David Moyes was sacked as Manchester United manager on Tuesday, less than a year after being appointed as the successor to Alex Ferguson.
Here are five key reasons why the Scot failed to survive his first season in charge at Old Trafford:
Coaching cull
Moyes’s first major decision at Old Trafford proved to be one of his worst.
By parting ways with Mike Phelan, Rene Meulensteen and Eric Steele and replacing them with his Everton staff of Steve Round, Jimmy Lumsden and Chris Woods, he culled a respected coaching group with experience of what it took to succeed at United.
Meulensteen’s parting shot proved prophetic. “I said to him: ‘David, with all due respect, you’ve done a fantastic job in the Premier League with Everton, but do you realise you’re going from a yacht to a cruise ship?’ Ferguson, the captain, had a good crew with people like me. David didn’t understand that, he wanted familiar faces.”
Transfer lethargy
Although he did not officially take charge until July last year, Moyes had no excuses for the lethargic and chaotic start to his transfer dealings with United.
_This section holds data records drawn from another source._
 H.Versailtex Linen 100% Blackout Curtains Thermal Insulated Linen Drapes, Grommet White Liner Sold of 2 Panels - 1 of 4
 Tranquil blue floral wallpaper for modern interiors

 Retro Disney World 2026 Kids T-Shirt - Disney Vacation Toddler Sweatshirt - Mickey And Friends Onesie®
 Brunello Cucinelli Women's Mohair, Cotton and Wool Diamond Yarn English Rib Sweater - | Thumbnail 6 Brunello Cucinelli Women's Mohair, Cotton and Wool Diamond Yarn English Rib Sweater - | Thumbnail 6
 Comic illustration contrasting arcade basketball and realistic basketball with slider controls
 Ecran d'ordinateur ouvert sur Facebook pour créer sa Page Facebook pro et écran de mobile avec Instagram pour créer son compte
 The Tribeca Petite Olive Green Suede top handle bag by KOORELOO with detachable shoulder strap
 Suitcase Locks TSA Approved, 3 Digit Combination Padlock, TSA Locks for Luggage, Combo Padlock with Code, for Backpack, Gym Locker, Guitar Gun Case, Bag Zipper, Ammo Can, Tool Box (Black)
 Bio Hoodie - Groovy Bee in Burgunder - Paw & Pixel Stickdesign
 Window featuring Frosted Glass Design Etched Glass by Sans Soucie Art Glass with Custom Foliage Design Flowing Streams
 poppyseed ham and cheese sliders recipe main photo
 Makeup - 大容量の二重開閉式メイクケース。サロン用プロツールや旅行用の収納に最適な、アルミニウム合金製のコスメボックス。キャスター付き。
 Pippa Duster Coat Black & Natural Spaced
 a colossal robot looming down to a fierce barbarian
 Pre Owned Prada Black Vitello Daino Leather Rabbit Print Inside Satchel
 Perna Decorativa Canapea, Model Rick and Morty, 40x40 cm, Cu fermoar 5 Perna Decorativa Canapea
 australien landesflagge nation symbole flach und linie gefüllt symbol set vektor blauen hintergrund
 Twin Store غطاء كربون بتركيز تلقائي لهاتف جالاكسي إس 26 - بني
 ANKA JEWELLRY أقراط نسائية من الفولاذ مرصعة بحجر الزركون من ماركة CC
His appointment had been rubber-stamped two months earlier, allowing him plenty of time to quietly sound out potential new recruits and their clubs.
But instead Moyes appeared caught off guard by the underwhelming response to his eventual bids, which led to spurned approaches for Cesc Fabregas, Thiago Alcantara, Ander Herrera and Leighton Baines.
That in turned prompted a panicked Moyes to overpay for his former Everton midfielder Marouane Fellaini, whose cumbersome, lacklustre performances became the on-pitch representation of his manager’s own unsubtle and ultimately unsuccessful approach.
Failure to win over players
Despite repeated denials from both parties, the apparent friction between Moyes and striker Robin van Persie seemed to be one of the key factors in the manager’s failure to succeed.
Van Persie played a major role in firing United to the league title last season, but the Dutch forward showed little appetite to perform for the blunt Moyes, who lacks the inter-personal skills that made his predecessor Ferguson such an effective manipulator of his squad.
He struggled to win over other senior players including Nemanja Vidic, Ryan Giggs and Rio Ferdinand, with the latter revealing the first visible cracks in the Moyes reign in December when he publicly criticised the manager’s habit of naming the team at the last minute, claiming it “was enough to turn you into a madman”.
Rudimentary tactics exposed
United supporters accustomed to free-flowing, cavalier football under Ferguson quickly grew tired of Moyes’s defensive and negative tactics, which often left his team looking bereft of poise and purpose.
Moyes had used the same conservative philosophy at Everton, but on Merseyside it was excused because the club’s lack of spending power left them overmatched against the top teams.
At a club of United’s vast resources there was no reason to employ such tactics, but Moyes persisted, with the nadir coming against struggling Fulham in February when the champions once again resorted to a route one approach and made a Premier League record 81 crosses, but were still held to a 2-2 home draw.
To add insult to injury, Cottagers defender Dan Burn compared United’s style to a non-league team when he said: “I was just saying to the lads that I’ve never headed that many balls since the Conference.”
Derby despair
One of the more damning indictments of Moyes’s reign was United’s utter failure to impose themselves in the fixtures that matter most to the supporters.
Ferguson relished winning the blood feuds against Manchester City and Liverpool and regularly showed his distain for United’s two biggest rivals, dismissing big-spending City as “noisy neighbours” and revealing his delight at knocking Liverpool “off their perch” at the top of the league in the 1990s.
But Moyes, no shrinking violet in his public utterances at Everton, was strangely subdued when it came to the verbal jousting that set the tone in the Ferguson era.
Moyes was never able to strike the right note and he enraged supporters by suggesting Liverpool were favourites before their trip to Old Trafford, which ended in a 3-0 romp for the visitors, and then claiming after a 3-0 home defeat against City that they were a club United must “aspire to”.
Lacking any fire in their bellies, United succumbed to four defeats from their four league meetings with City and Liverpool -- the first time that had happened since the Premier League’s inception in 1992.